== Exercise data ==
· · · ·
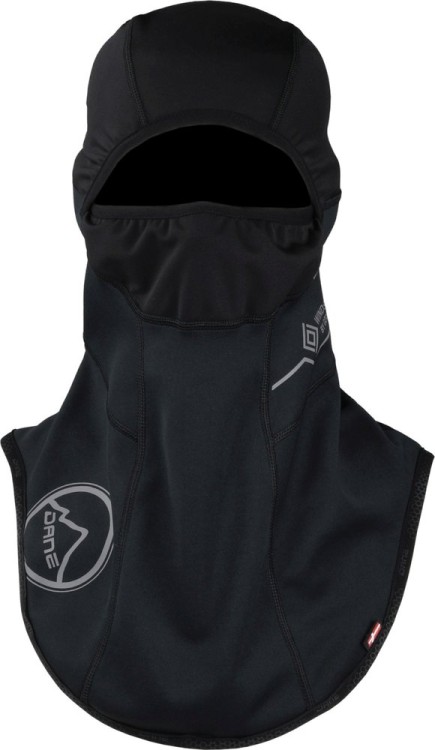 термобелье DANE Saksun 2 Windstopper  164909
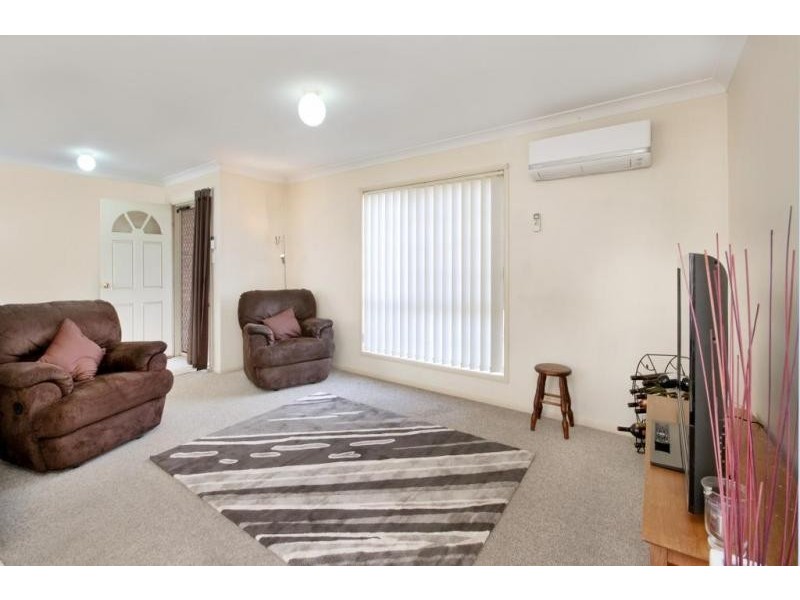 52 Southon Street, Mayfield NSW 2304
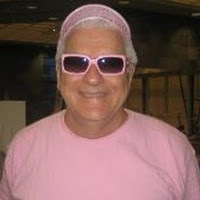 Thomas Teresi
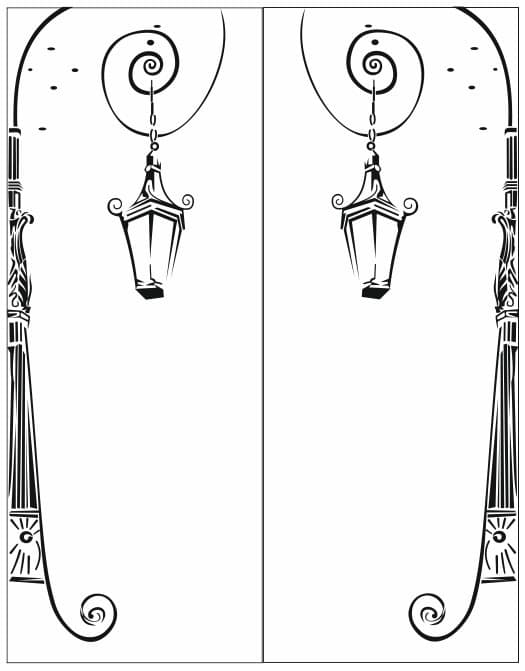 <span  class="uc_style_uc_tiles_grid_image_elementor_uc_items_attribute_title" style="color:#ffffff;">Рисунок-2884</span>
· · · ·
Quote all the lines above exactly as given. Do not include the pictures.

== Solution ==
 термобелье DANE Saksun 2 Windstopper  164909
 52 Southon Street, Mayfield NSW 2304
 Thomas Teresi
 <span  class="uc_style_uc_tiles_grid_image_elementor_uc_items_attribute_title" style="color:#ffffff;">Рисунок-2884</span>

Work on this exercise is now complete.